Quartiles divide sorted data into four equal parts:
- ›Q1 (25th percentile): 25% of values are below this point
- ›Q2 (50th percentile) = Median: 50% below
- ›Q3 (75th percentile): 75% of values are below this point
- ›IQR = Q3 − Q1: the range containing the middle 50% of values
This calculator uses linear interpolation between adjacent values for non-integer quartile positions, the same method used by most statistical software (R's type 7, Excel's QUARTILE.INC).
What is the IQR and how is it used to detect outliers?
The Interquartile Range (IQR = Q3 − Q1) measures the spread of the middle 50% of the data. It is robust to outliers because it ignores the top and bottom 25%.
Tukey's outlier rule: any value below Q1 − 1.5×IQR or above Q3 + 1.5×IQR is flagged as a potential outlier.
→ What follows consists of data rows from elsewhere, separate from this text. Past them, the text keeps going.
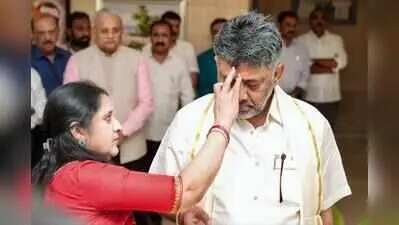 Shivakumar’s silence on sting row hands Kumaraswamy the lead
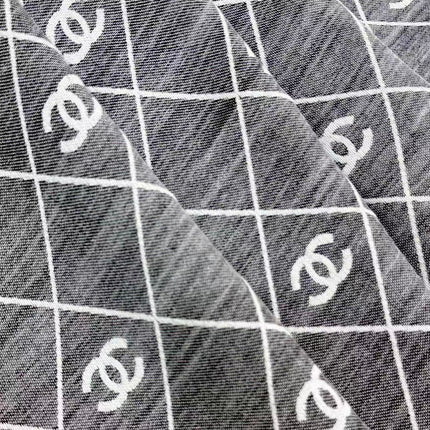 CHANEL 26S SCARF 140 IN SILK 309416
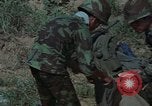 Standbild vietnamesische Soldaten Hue Vietnam, 1972, aus Sekunde 23 historischem Filmmaterial Videoclip 65675045882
For example, if Q1=10, Q3=20, IQR=10: values below 10−15=−5 or above 20+15=35 are outliers.
What is the five-number summary?
The five-number summary consists of: Minimum, Q1, Median, Q3, Maximum. These five values completely describe the distribution and are the data points used to draw a box plot (box-and-whisker chart).
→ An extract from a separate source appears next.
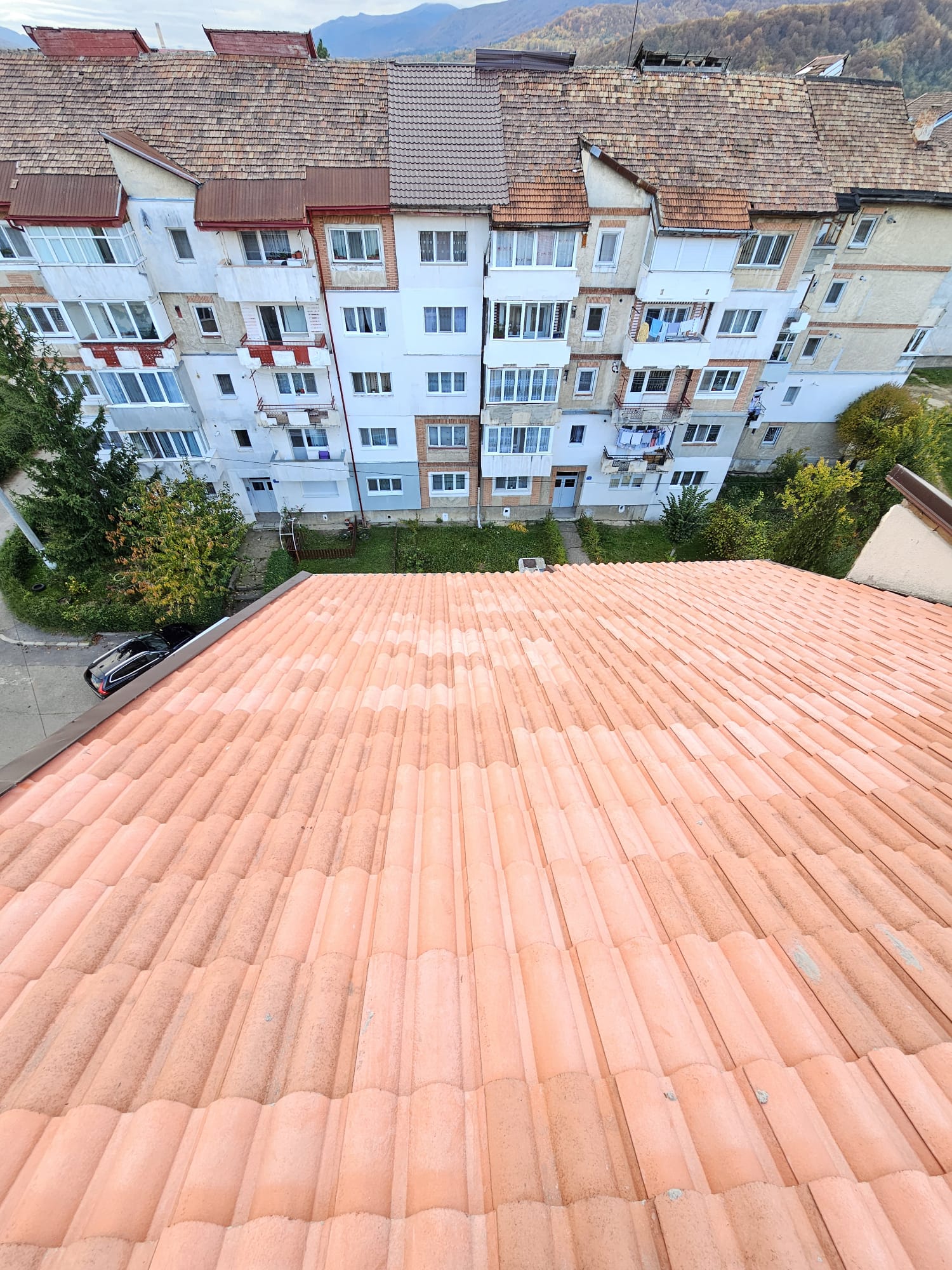 Montaj tigla de beton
- ›Min and Max: the extremes of the data range
- ›Q1 and Q3: the edges of the box (the middle 50%)
- ›Median: the line inside the box
- ›Whiskers: usually extend to min/max (or 1.5×IQR from Q1/Q3)
What is standard deviation and how do I interpret it?
Standard deviation (σ) measures how spread out values are around the mean. A small σ means values cluster close to the mean; a large σ means they are widely dispersed.
For roughly bell-shaped (normal) distributions, the empirical 68-95-99.7 rule applies: about 68% of values lie within 1σ of the mean, 95% within 2σ, and 99.7% within 3σ. Values beyond 3σ are rare enough (~0.3%) to be considered potential outliers or measurement errors.
Can this sorter handle decimal numbers and negative numbers?
Yes, full support for:
- ›Decimal numbers: 3.14, −2.71, 0.001
- ›Negative numbers: −100, −0.5, −999
- ›Scientific notation: 1e6 = 1,000,000 (recognized as a valid number)
- ›Very large and very small values within JavaScript number precision (up to ~15 significant digits)
Invalid entries (letters, empty fields, non-numeric text) are detected and listed in the error message so you can find and fix them before sorting.